Simon Sinek (he of Start With Why fame, and the one with over 40 million views for his How Great Leaders Inspire Action Ted Talk) has a new book coming out at the end of the year, and it’s called, The Infinite Game. Here’s a brief description of the book:
“In finite games, like football or chess, the players are known, the rules are fixed, and the endpoint is clear. The winners and losers are easily identified. In infinite games, like business or politics or life itself, the players come and go, the rules are changeable, and there is no defined endpoint. There are no winners or losers in an infinite game; there is only ahead and behind. The more I started to understand the difference between finite and infinite games, the more I began to see infinite games all around us. I started to see that many of the struggles that organizations face exist simply because their leaders were playing with a finite mindset in an infinite game. These organizations tend to lag behind in innovation, discretionary effort, morale and ultimately performance.”

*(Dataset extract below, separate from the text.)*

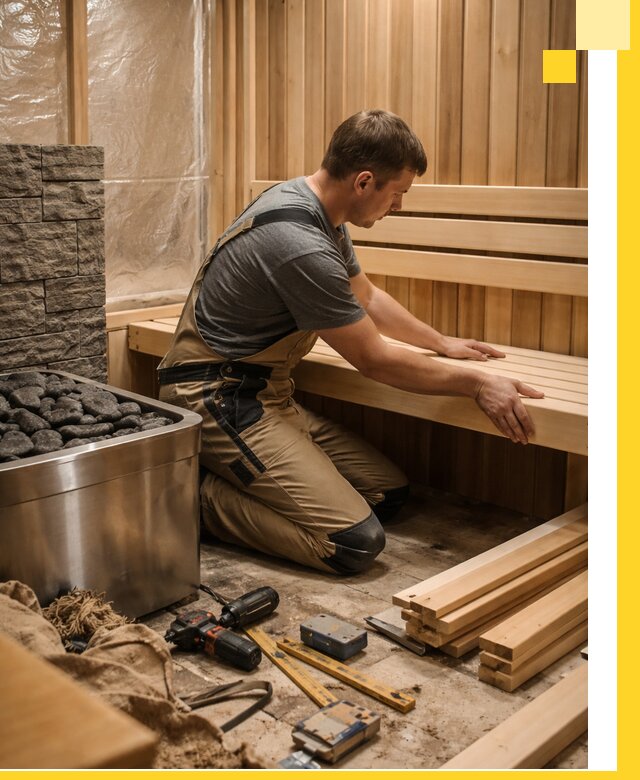 Сауны для дома под ключ с проектированием и монтажом в Юрге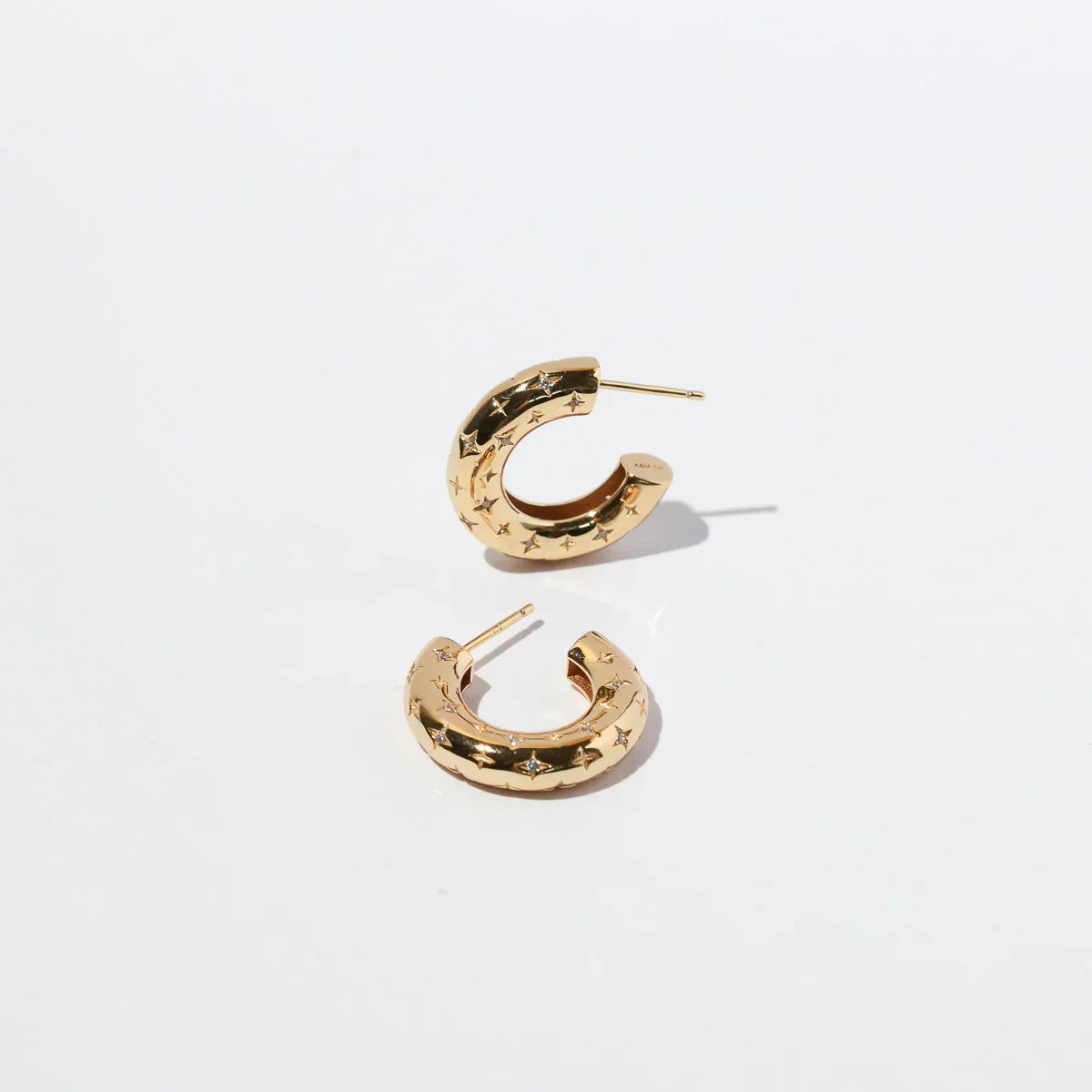 Marcellina | Hoop Gold Earrings - Gold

The infinite game or the long game?
They may be two peas in a pod, but “infinite game” aligns well with how I see business, success and achievement. If I “win” it does not mean that you lose. In fact, what’s best for me, is when every one of my peers “win” as well. While marketers love to create a sense of scarcity, success in business is much more of an abundance model. There’s enough to go around. Helping everyone else “win” does not only make business that much more enjoyable, it makes it more challenging, competitive and interesting. When someone else wins a client, it doesn’t not mean that there are no more clients left. When someone else is chosen to present at an event, it does not mean that other presenters may not be required, or you may be chosen to speak at their next/other event. Simon is right (in fact his book, Infinite Games, sounds like it’s based on another book called Finite And Infinite Games by James Carse… so they’re both right): business and success are infinite games… they are the long game. Don’t play it as a finite game with an eye towards what happened just today.
What goes around comes around.
Normally, that saying is reserved for people who do something bad to someone else, and karma is going to circle back on them. That saying can (and should) be used in a positive light as well. If there is someone that you can introduce someone to (and it’s no harm, no foul), why not do it? If you’re not the right business fit for a client, why not point them in the direction of someone who can best serve them? If you can help out a local non-profit or charity without taking free promotion or recognition in return, why not help out? It seems obvious, but how many business leaders are truly living this? Life is long. Success will be measured by your network and not your net worth (thank you, Jeffrey Gitomer). Thinking about the future, instead of being focused on revenue today/tomorrow will always make your brand short-sighted. Short termism is real. What kind of business life do you really want? What kind of brand legacy are you truly building.
What game are you playing? I hope it’s the long game.